Since one root is the negative of the other, let's assume alpha = -beta, from there solve your equation, if you get k = 0, then it means that beta = -alpha instead.
Do these for b and c, whereby you take one of each respectively and you might get the answer.
I have completely forgot about alpha and beta so I can't help you solve everything out, but as far as I know, this will be the method I would use if posed with such question.
The other smarter forumers please provide the accurate methods, heh. :D As my thinking might be wrong, ^^"

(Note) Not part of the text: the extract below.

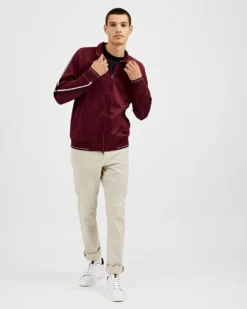 Oved Loungewear Asymmetrical Striped-Sleeve Track Jacket - Port Royal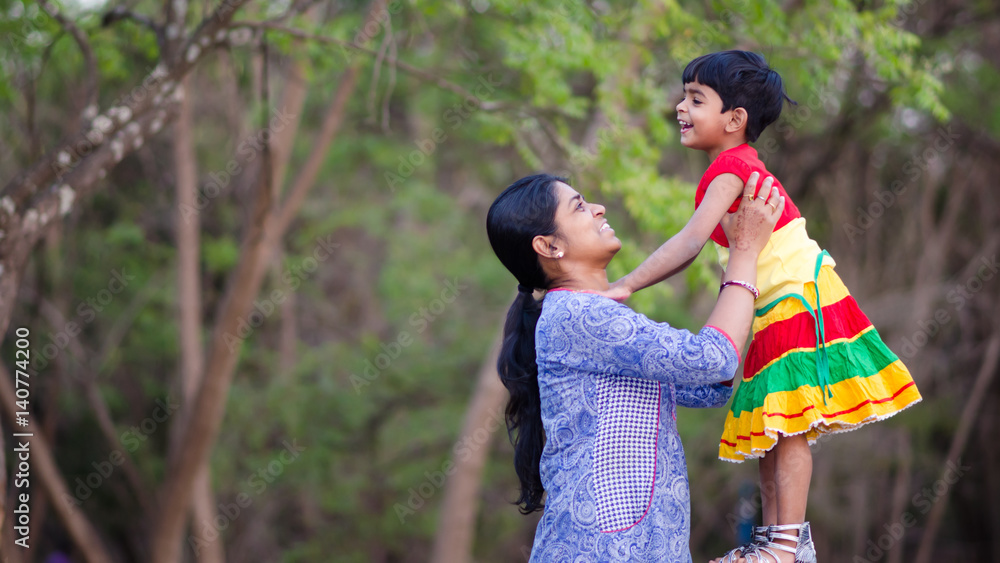 Fototapeta premium Mother and daughter in playful mood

First use the quadratic formula to get general formula of the two roots. so x1 = -(k-1)/2k + sqrt[ (k-1)^2- 4(2k+3)(k)]/2k while x2 = -(k-1)/2k - sqrt[ (k-1)^2 -4(2k+3)(k)]/2k
then for a) x1 = -x2; sub in what i wrote up there and you will get an equation in k
for b) x1= 1/x2; sub in and blahblah solve
c) x1 / x2 = 2 or x1/x2= 0.5
I've did this exactly same question yesterday with my classmates, these solution is provided by my teachers when we went through.
(a)
Let the roots be α and -α, where α>0
Sum of roots, α+(-α) = -(k-1/k) ------- (1)
Product of roots, α(-α) = 2k+3/k ------- (2)
From (1), 0 = 1-k/k
Therefore, k =1
(b)
Let the root be α
Therefore, the other rooy is 1/α
Sum of roots, α +1/α = -(k-1/k) ------- (3)

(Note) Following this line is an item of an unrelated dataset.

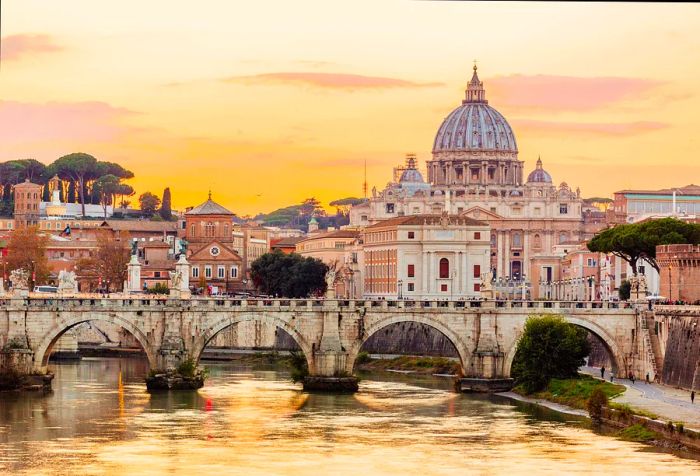 An arch bridge spans a serene river, with a distant domed church silhouetted against an orange-hued sky.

Product of roots, α(1/α) = 2k+3/k ------- (4)
From (4),
1 = 2k +3/k
k = 2k+3
Therefore, k = -3
(c)
Let one root be α
Therefore the other root is 2α
Sum of roots, α +2α = -(k-1/k) ------- (5)
Product of roots, α(2α) = 2k+3/k ------- (6)
From 5
Therefore α = 1-k/3k ------- (7)
Subst (7) into (6)
2(1-k/3k)^2 = 2k + 3/k
2(1-2k+k^2/9k^2) = 2k+3/k
2k -4k^2 +2k^3 = 18k^3 +27k^2
0 = k16k^3 +31k^3
0 = k(16k^2 +13k - 2)
k = 0 (N.A) or k = 16k^2 + 31k - 2 =0
(16k-1)(k+2) = 0
Therefore, k= 1/16 (N.A) or k = -2
Please do not blindly copy this solution, read how it's done, it's very commonly tested in exams. Note, this question is very important, one part can easily cost 2-3 marks.
Regards,
Nathpoop ;D
thx